Task brief
Only the lines from the one containing "Black Double-Breasted Overcoat-Women" through the last line of the data are to be written out, exactly and in full.
*** Opening of Task inputs ***
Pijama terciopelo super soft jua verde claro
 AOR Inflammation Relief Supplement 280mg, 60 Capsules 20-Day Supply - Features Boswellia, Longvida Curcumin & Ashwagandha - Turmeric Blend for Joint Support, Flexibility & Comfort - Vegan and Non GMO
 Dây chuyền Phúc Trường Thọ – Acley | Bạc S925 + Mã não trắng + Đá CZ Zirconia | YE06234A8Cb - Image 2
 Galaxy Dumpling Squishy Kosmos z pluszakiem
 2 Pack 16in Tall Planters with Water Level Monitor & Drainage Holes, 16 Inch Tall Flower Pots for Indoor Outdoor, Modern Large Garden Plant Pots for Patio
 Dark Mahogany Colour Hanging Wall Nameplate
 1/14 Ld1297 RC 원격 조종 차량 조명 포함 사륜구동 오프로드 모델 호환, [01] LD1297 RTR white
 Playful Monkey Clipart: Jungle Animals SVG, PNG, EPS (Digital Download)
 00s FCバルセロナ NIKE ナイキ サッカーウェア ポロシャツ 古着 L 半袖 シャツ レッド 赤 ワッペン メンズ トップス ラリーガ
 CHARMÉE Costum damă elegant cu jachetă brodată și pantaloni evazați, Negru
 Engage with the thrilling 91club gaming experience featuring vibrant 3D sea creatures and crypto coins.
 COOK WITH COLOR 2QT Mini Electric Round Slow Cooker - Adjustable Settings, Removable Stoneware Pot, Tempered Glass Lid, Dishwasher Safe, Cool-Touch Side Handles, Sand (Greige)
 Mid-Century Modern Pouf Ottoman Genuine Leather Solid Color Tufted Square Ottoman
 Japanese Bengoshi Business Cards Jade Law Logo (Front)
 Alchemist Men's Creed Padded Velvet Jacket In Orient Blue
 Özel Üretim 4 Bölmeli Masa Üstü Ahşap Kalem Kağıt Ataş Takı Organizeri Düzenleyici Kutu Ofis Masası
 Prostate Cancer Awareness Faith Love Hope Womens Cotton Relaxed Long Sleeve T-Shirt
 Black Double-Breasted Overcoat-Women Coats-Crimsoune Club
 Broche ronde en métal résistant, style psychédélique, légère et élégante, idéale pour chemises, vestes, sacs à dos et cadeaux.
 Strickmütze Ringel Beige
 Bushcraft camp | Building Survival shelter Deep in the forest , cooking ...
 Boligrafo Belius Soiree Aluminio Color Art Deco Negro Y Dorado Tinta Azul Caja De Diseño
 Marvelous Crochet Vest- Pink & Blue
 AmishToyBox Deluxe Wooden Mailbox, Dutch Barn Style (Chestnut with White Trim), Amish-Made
*** Close of Task inputs ***
Finished task
 Black Double-Breasted Overcoat-Women Coats-Crimsoune Club
 Broche ronde en métal résistant, style psychédélique, légère et élégante, idéale pour chemises, vestes, sacs à dos et cadeaux.
 Strickmütze Ringel Beige
 Bushcraft camp | Building Survival shelter Deep in the forest , cooking ...
 Boligrafo Belius Soiree Aluminio Color Art Deco Negro Y Dorado Tinta Azul Caja De Diseño
 Marvelous Crochet Vest- Pink & Blue
 AmishToyBox Deluxe Wooden Mailbox, Dutch Barn Style (Chestnut with White Trim), Amish-Made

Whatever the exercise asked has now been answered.